3 CREDIT RISK MODELLING

The aim of credit risk modelling is to determine the regulatory capital needed to compensate for potential losses (Baesens et al. 2010). The regulation requires banking institutions to evaluate the credit risks they’ve invested on. The aim of the institutions is to identify as accurately as possible the credit risks resulting from possible defaults on loans. (Baesens et al. 2013) The global financial crisis that began in 2007 showed some banks were not able to adequately aggregate their risk exposure. Regulators then increased the requirements to ensure risk data aggregation and risk reporting are integrated into all risk activities. Risk data aggregation means the activities to define, collect and process risk data to comply with the bank’s risk reporting requirements and become able to quantify their risk tolerance. (Bank for International Settlements 2013) The regulation affects the capital requirements and solvency of financial institutions. Regulators have increased their attention also to data quality issues on credit risk management since the modelling is based on banks’ internal data. Data quality is thus closely monitored in credit risk modelling. (Baesens et al. 2013).

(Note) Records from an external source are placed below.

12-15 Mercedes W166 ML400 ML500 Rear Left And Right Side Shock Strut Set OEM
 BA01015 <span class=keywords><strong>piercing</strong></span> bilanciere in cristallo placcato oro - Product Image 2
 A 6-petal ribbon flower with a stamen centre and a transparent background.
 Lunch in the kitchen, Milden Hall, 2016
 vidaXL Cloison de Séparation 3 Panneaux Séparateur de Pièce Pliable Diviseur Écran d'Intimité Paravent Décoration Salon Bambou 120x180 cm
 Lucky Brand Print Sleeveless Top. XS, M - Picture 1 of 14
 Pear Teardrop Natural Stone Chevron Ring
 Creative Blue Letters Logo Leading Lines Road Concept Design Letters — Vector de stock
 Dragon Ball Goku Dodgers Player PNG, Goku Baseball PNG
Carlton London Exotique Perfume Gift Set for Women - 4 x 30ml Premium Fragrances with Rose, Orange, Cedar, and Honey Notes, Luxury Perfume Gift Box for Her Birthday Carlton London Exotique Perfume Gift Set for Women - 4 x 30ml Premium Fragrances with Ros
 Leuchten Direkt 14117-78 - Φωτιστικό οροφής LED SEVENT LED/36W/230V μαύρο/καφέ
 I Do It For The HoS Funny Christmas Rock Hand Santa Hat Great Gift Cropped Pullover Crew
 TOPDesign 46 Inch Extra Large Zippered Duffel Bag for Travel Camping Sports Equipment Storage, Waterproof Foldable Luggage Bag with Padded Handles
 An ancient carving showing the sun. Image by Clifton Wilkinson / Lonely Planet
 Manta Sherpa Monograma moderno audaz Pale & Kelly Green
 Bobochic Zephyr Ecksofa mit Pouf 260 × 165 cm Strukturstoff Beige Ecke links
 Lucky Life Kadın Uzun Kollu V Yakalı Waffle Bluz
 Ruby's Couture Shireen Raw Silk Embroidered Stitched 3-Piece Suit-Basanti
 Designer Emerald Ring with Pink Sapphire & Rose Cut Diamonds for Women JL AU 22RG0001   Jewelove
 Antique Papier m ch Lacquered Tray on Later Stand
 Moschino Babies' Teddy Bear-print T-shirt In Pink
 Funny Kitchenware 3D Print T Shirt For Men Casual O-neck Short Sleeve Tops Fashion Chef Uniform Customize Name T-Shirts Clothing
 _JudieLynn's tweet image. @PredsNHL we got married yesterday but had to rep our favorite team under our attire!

Managing data quality is essential for meeting the regulatory demands. Prorokowski and Prorokowski (2015) remark the financial industry is rapidly becoming more regulated thus financial institutions should concentrate on developing their risk data aggregation processes.

They argue banks need to implement new tools and find efficient ways to achieve high standards. New regulation requires banks to improve their data aggregation processes, and to establish clear frameworks. The improvements would allow banks to remedy more easily from future episodes of financial distress. (Prorokowski and Prorokowski 2015) Gupta and Kulkarni (2016) show data quality issues can have notable impact on key risk numbers and cause inaccuracies in risk reports. Inconsistencies in data structures and formats, and the absence of common data systems and terminology across companies cause challenges for risk data aggregations. They name identifying data quality problems and understanding the root causes of them as critical part of complying with the regulatory requirements. (Gupta and Kulkarni 2016)

For regulatory reasons, insuring data quality has been a primary concern to almost every bank. Many organizations have increased the number of staff and taken short-term clean up

initiatives to improve data quality. Banking institutions are also developing their data quality frameworks in order to respond to the regulatory demands. (Robert Morris Associates 2017) The aim of the case company is to establish an effective data quality management framework to be part of their credit risk modelling projects.

This chapter first presents what are internal ratings based models and how the modelling projects are carried out. This chapter then focuses on explaining the history of regulation for internal ratings based approaches and the requirements for data quality posed by European Central Bank (ECB). The focus is on the components and dimensions of data quality that need to be assessed and monitored but the chapter also touches upon the subject of requirements of data quality management framework, responsibilities and reporting in order to get a comprehensive understanding of data quality management. The IT system requirements are not included in this study.